ASSIGNMENT »
Set down every entry exactly as it stands, omitting any picture.

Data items
[Start of section]

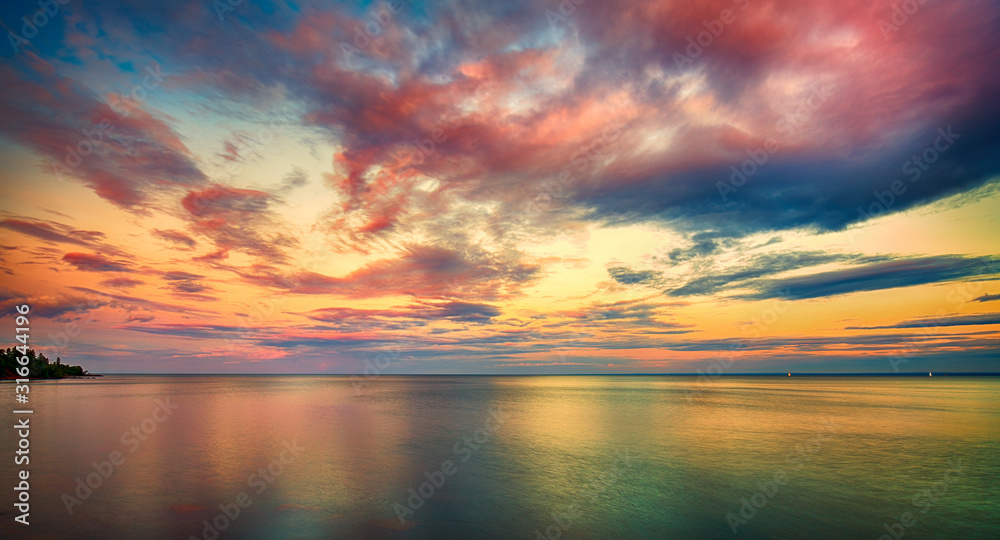 Dramatic Sunset Clouds over the Ocean Horizon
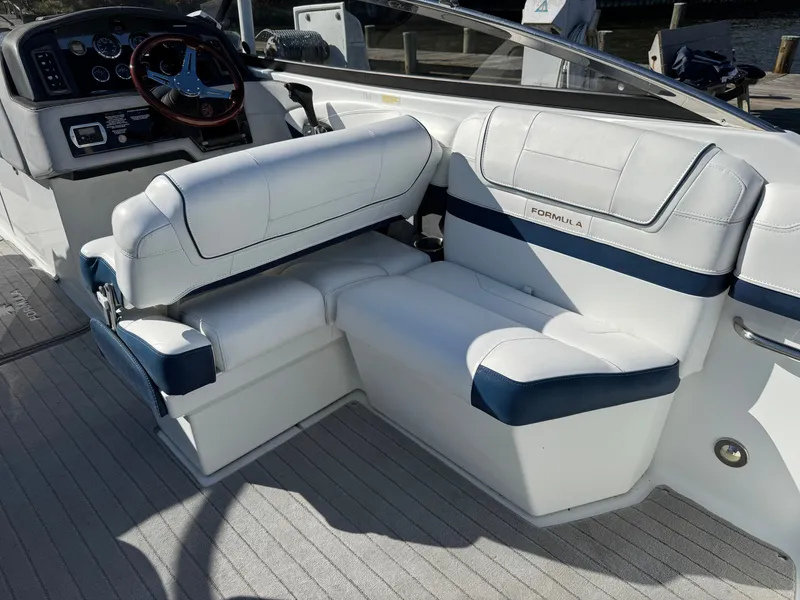 Slide: The Image of 2014 Formula 270 Bowrider interior with white and blue seating, sleek dashboard. - 18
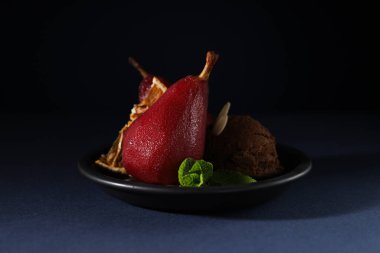 Koyu mavi arka planda, şarabın içindeki armutlar tabakta, kapat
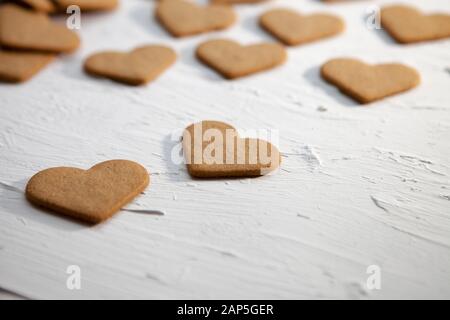 Leckere Herzen Cookies auf einem weißen Hintergrund. Selbstgemachte Plätzchen auf einem Stock in der Form der Herzen auf einen hölzernen Tisch. Cookies mit Herz zu Valentin Stockfoto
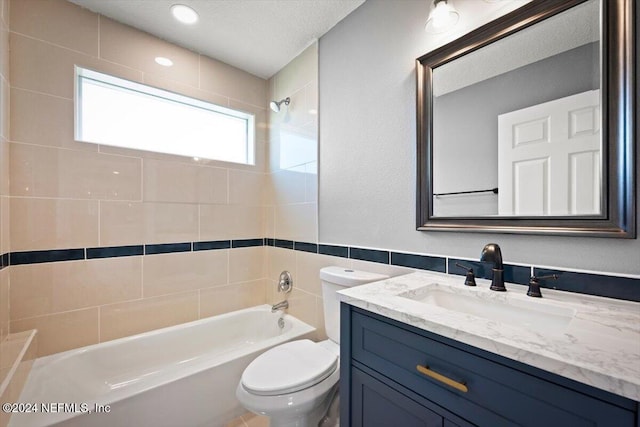 bathroom featuring shower / tub combination, vanity, toilet, a textured ceiling, and tile walls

[End of section]

OUTPUT »
 Dramatic Sunset Clouds over the Ocean Horizon
 Slide: The Image of 2014 Formula 270 Bowrider interior with white and blue seating, sleek dashboard. - 18
 Koyu mavi arka planda, şarabın içindeki armutlar tabakta, kapat
 Leckere Herzen Cookies auf einem weißen Hintergrund. Selbstgemachte Plätzchen auf einem Stock in der Form der Herzen auf einen hölzernen Tisch. Cookies mit Herz zu Valentin Stockfoto
 bathroom featuring shower / tub combination, vanity, toilet, a textured ceiling, and tile walls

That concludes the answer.